For simplification we take $N=1$, the real line, and we take $\Omega=(0,1)$.
My question is, given $p(x)$ is a continuous piece-wise affine function and $p(x)\geq 1$, do we always have $p(x)\in A_1$? It looks to me the answer should be yes. Since $p(x)\geq 1$ and is piece-wise affine continuous, we should have $p(x)$ is bounded. Define $M=\max p(x)$, we have
$$ \frac{1}{|{B}|}\int_{B(x,r)} p(y)\,dy\leq \frac{1}{2r}\int_{x-r}^{x+r}Mdy=M\leq Cp(x) $$ where we take $C=M$ and bring in the fact that $p(x)\geq 1$.

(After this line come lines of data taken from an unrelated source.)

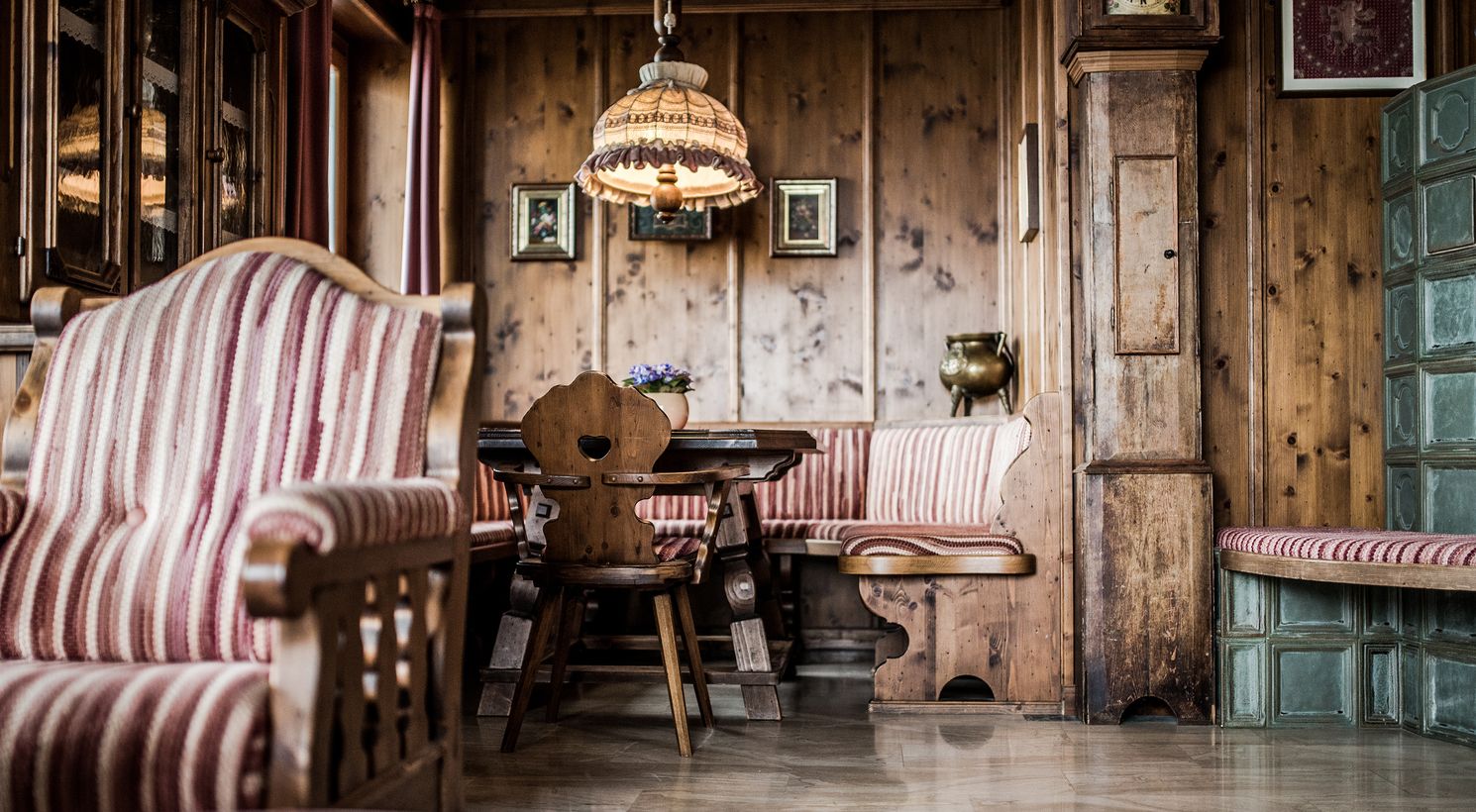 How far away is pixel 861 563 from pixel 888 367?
6.16ft

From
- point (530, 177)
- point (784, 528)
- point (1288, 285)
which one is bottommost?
point (784, 528)

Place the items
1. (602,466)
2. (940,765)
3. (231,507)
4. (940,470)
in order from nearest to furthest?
(231,507), (940,765), (602,466), (940,470)

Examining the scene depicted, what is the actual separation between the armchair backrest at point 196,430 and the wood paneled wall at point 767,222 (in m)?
3.79

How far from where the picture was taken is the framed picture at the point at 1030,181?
466 cm

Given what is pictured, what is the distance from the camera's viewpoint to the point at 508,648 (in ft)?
12.8

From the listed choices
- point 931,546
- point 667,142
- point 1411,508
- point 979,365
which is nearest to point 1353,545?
point 1411,508

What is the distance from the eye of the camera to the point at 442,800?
1.89 meters

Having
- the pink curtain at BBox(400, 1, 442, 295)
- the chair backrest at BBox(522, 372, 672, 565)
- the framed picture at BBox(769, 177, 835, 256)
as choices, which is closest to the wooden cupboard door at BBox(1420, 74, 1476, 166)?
the chair backrest at BBox(522, 372, 672, 565)

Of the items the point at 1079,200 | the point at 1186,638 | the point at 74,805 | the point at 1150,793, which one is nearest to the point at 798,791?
the point at 1150,793

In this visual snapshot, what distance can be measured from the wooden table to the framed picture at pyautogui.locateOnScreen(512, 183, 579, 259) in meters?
2.13

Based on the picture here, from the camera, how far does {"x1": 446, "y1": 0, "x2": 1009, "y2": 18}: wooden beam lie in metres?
5.73

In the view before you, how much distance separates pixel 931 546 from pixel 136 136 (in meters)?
2.65

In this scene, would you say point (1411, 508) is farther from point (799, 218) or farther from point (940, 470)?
point (799, 218)

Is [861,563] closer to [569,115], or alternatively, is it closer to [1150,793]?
[1150,793]
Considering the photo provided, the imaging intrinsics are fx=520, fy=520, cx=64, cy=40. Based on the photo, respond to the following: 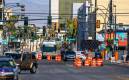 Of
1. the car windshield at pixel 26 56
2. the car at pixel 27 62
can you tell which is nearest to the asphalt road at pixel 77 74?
the car at pixel 27 62

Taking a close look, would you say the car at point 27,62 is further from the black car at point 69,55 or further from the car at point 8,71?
the black car at point 69,55

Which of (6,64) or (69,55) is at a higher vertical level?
(6,64)

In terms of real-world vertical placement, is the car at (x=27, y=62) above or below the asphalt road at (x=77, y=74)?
above

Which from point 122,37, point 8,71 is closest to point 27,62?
point 8,71

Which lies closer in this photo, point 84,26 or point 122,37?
point 122,37

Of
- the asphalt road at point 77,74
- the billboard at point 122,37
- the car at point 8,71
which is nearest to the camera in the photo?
the car at point 8,71

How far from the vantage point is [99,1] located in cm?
16425

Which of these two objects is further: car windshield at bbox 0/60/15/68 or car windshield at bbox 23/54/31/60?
car windshield at bbox 23/54/31/60

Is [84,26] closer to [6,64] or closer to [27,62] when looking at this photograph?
[27,62]

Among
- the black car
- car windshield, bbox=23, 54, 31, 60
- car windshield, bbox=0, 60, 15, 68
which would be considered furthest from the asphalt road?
the black car

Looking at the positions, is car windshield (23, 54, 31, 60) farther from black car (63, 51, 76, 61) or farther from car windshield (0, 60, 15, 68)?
black car (63, 51, 76, 61)

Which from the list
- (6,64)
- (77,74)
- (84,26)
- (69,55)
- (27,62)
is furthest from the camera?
(84,26)

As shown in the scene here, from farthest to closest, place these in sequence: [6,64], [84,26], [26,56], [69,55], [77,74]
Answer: [84,26]
[69,55]
[26,56]
[77,74]
[6,64]

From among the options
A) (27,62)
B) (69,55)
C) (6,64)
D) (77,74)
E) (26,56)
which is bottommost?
(69,55) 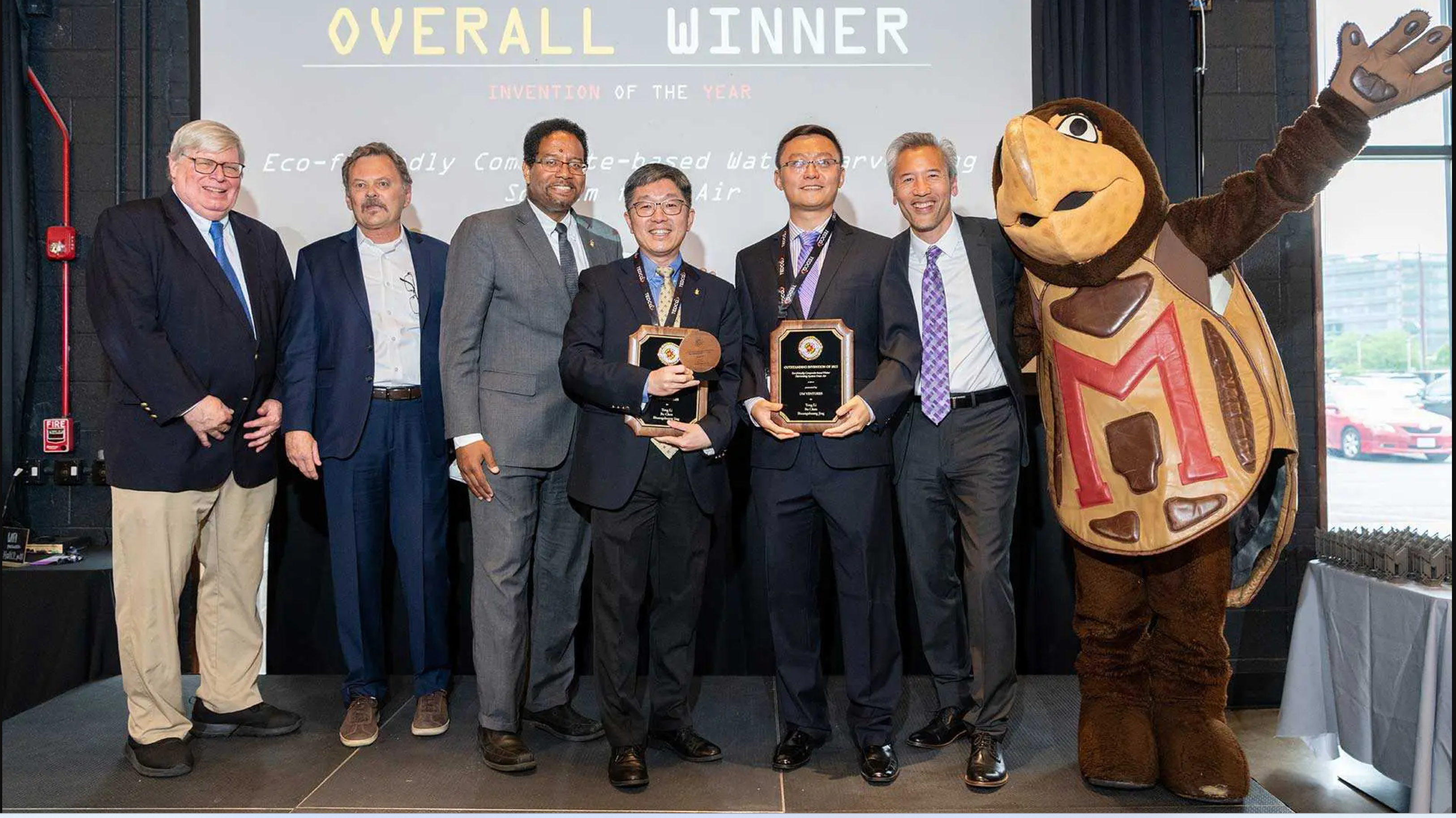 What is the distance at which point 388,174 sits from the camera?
114 inches

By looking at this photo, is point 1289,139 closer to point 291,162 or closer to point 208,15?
point 291,162

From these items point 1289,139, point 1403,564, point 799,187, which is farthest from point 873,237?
point 1403,564

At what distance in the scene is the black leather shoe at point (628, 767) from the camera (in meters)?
2.44

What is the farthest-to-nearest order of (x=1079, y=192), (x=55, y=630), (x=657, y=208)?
1. (x=55, y=630)
2. (x=657, y=208)
3. (x=1079, y=192)

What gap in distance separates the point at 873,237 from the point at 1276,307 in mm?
2080

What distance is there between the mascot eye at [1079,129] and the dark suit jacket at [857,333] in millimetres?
526

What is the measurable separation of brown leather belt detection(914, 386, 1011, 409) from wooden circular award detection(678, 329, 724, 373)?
71cm

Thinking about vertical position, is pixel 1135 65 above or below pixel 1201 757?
above

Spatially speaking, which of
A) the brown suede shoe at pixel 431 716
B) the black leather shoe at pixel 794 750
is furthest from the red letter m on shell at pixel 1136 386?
the brown suede shoe at pixel 431 716

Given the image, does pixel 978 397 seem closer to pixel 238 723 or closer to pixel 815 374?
pixel 815 374

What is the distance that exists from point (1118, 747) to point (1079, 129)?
1529 millimetres

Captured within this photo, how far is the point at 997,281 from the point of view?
2.64 meters

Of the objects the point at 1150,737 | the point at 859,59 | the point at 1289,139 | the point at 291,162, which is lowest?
the point at 1150,737

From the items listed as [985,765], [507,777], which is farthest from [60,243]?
[985,765] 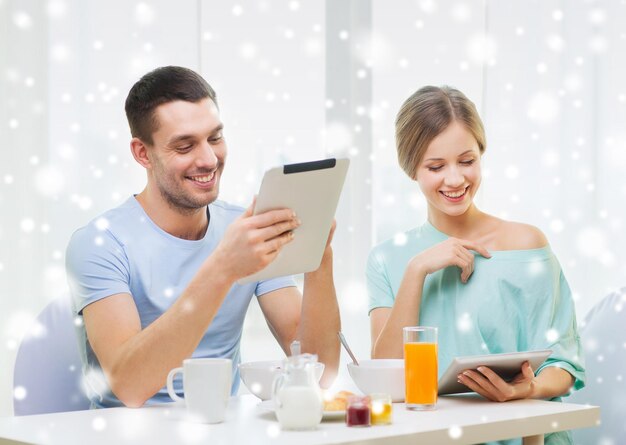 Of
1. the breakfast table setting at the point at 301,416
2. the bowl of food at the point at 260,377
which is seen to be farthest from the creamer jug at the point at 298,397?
the bowl of food at the point at 260,377

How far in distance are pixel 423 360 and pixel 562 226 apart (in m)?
1.57

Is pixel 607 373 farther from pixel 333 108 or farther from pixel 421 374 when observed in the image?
pixel 333 108

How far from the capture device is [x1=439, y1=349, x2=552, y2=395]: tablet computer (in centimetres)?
141

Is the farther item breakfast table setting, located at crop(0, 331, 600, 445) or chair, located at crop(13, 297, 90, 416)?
chair, located at crop(13, 297, 90, 416)

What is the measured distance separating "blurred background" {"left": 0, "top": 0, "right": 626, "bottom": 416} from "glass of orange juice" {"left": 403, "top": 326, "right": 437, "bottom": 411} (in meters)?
0.80

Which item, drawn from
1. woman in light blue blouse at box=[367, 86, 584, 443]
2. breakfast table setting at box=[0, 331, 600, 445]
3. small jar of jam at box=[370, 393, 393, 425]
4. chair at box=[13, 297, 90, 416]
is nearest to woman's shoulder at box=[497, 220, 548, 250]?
woman in light blue blouse at box=[367, 86, 584, 443]

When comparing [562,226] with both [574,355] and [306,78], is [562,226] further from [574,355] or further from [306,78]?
[574,355]

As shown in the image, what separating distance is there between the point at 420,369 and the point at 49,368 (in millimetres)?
802

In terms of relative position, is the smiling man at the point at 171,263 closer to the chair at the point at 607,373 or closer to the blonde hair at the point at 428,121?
the blonde hair at the point at 428,121

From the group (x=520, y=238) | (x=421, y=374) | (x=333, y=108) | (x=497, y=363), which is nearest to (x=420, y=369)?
(x=421, y=374)

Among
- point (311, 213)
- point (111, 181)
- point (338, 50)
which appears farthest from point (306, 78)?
point (311, 213)

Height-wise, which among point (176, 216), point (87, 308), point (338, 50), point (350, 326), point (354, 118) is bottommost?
point (350, 326)

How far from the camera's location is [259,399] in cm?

It should be an OK proof, but something else went wrong with this result. So I am hoping somebody can help me to verify this result. Thank you!
Here is a counterexample on $(0, \infty)$ (it can be symmetrically extended to all of $\mathbb{R}$. Let $\omega(x)$ be a function s.t. for all integers $n \geq 0$ $$\omega(x) = 1 \,\,\,\,\,\, \forall x \in [n, n + 1/2)$$ and $$\omega(x) = 1 + 2n\left(x - (n + 1/2)\right) \,\,\,\,\,\, \forall x \in [n + 1/2, n + 1)$$
Then on each segment $[n, n+1)$, the function is a constant one on the first half of the segment, and rises up (linearly) to $n + 1$ on the second half.
Now consider the set of all balls $B(n + 1/2, 1/2)$. We have: $$\frac{1}{|{B}|}\int_{B(x,r)} \omega(y)\,dy = \frac{1}{2} + \frac{n}{4}$$ But $\omega(n + 1/2) = 1$ for all $n$. We cannot find a mutual constant s.t. $$\frac{1}{2} + \frac{n}{4} \leq C\cdot 1$$ for all $n$.